Background: Mechanical ventilation (MV) may cause ventilator-induced lung injury (VILI) and may thereby contribute to fatal multiple organ failure. We tested the hypothesis that injurious MV of lipopolysaccharide (LPS) pre-injured lungs induces myocardial inflammation and further dysfunction ex vivo, through calcium (Ca2+)-dependent mechanism.
Materials and methods: N = 35 male anesthetized and paralyzed male Wistar rats were randomized to intratracheal instillation of 2 mg/kg LPS or nothing and subsequent MV with lung-protective settings (low tidal volume (V-t) of 6 mL/kg and 5 cmH(2)O positive end-expiratory pressure (PEEP)) or injurious ventilation (high V-t of 19 mL/kg and 1 cmH(2)O PEEP) for 4 hours. Myocardial function ex vivo was evaluated in a Langendorff setup and Ca2+ exposure.

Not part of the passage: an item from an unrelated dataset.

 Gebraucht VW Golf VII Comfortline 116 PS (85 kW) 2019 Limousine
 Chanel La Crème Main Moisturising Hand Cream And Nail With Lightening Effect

Key mediators were determined in lung and heart at the mRNA level.
Results: Instillation of LPS and high V-t MV impaired gas exchange and, particularly when combined, increased pulmonary wet/dry ratio; heat shock protein (HSP)70 mRNA expression also increased by the interaction between LPS and high V-t MV. For the heart, C-X-C motif ligand (CXCL)1 and Toll-like receptor (TLR)2 mRNA expression increased, and ventricular (LV) systolic pressure, LV developed pressure, LV +dP/dt(max) and contractile responses to increasing Ca2+ exposure ex vivo decreased by LPS. High V-t ventilation aggravated the effects of LPS on myocardial inflammation and dysfunction but not on Ca2+ responses.
Conclusions: Injurious MV by high V-t aggravates the effects of intratracheal instillation of LPS on myocardial dysfunction, possibly through enhancing myocardial inflammation via pulmonary release of HSP70 stimulating cardiac TLR2, not involving Ca2+ handling and sensitivity.